Words matter. Language matters. Words have weight, and words do have the power to give life at the very same time they have the power to kill. Because what they carry are ideas, messages, and feeling, but words by themselves, simply words by themselves whether they're on the page or the stage will do nothing for you.
I believe the power of language comes from the emotional landscape that’s hidden behind the words.
More often than not, when I lead workshops with lawyers or consult on cases, I see in real time how words can become nooses around our necks, or shields we hide behind. The noose quickly becomes too tight to take a breath, and that shield becomes too impossibly heavy to carry, so it buries you. If you are not aligned with the proper emotional state hiding beneath the words, then the words are adrift at sea and end up sinking into the abyss without ever making the impact on your audience that you need to state your case.

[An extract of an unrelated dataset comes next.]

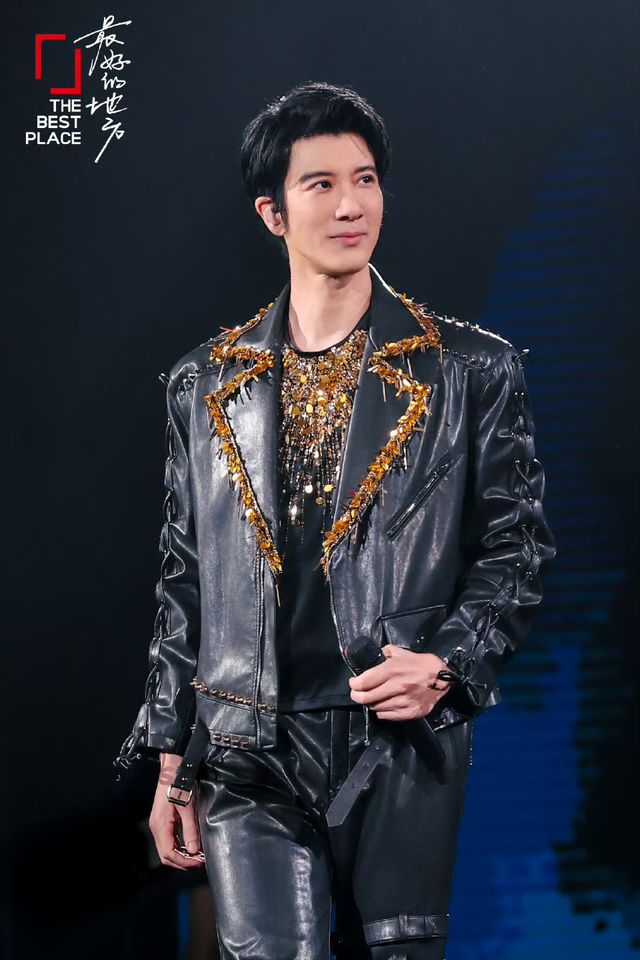 ▲▼  王力宏演唱會上踩空險摔落舞台。（圖／翻攝微博）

It’s the emotion that carries the words aloft. The words come from the body of our emotional state, our hidden landscape.
A great use of language is also recognizing that no words could ever quite capture the feeling that I want to express to you now. Even if you are a dazzling wordsmith, there may be a moment where you just have to stop and listen, and feel that your audience doesn't want you to say a damn thing. What you don't say ends up becoming infinitely more powerful than the language.

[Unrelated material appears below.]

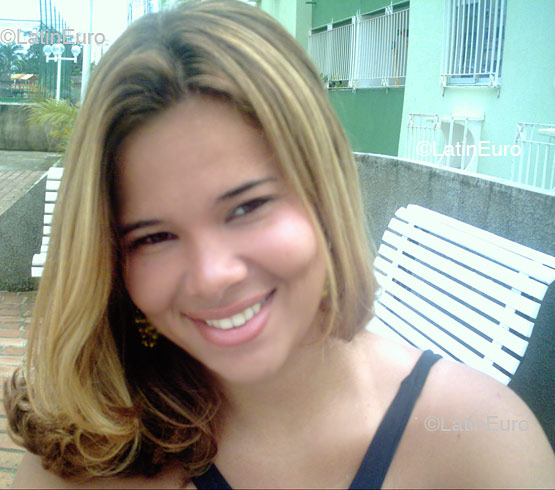 Date this attractive Brazil girl Juliana from JABOATAO DOS GUARARAPES B4528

You have to look for the hidden language beneath the words for the true emotional connection, for the "sound beyond the notes" of the music. When you do this, you give the words far more meaning in the process. There's always two stories-- the surface story and the beneath the surface story-- and in order to make the surface story even more powerful, even more effective, you've got to tap into the beneath the surface story. This is the emotional connection.
When you make the emotional connection, you find the right words, you know what story you're telling, you're on the rails, and you naturally feel the rhythm and the shifts of the story as it unfolds. The words no longer become shields to hide behind, but portals to your hidden emotional state, your client's greater story, the love story you’ve always wanted to write, or the dark intensity of a broken beer bottle. When it comes to delivering those words in front of your audience, in the moment, ironically you end up exuding more power and confidence in your delivery than you would if you were spending so much effort trying to take that breath despite the noose, or trying to carry that shield despite the weight. Sam Shepard knew this because he was first and foremost a playwright, a rock star in the American Theater.
When you make the emotional connection-- when you dig into the hidden landscape-- the right words and the right delivery of those words will always be in your service.
I am deeply grateful for Sam Shepard who paved the way for me and for so many others to trust in the greater possibilities of language.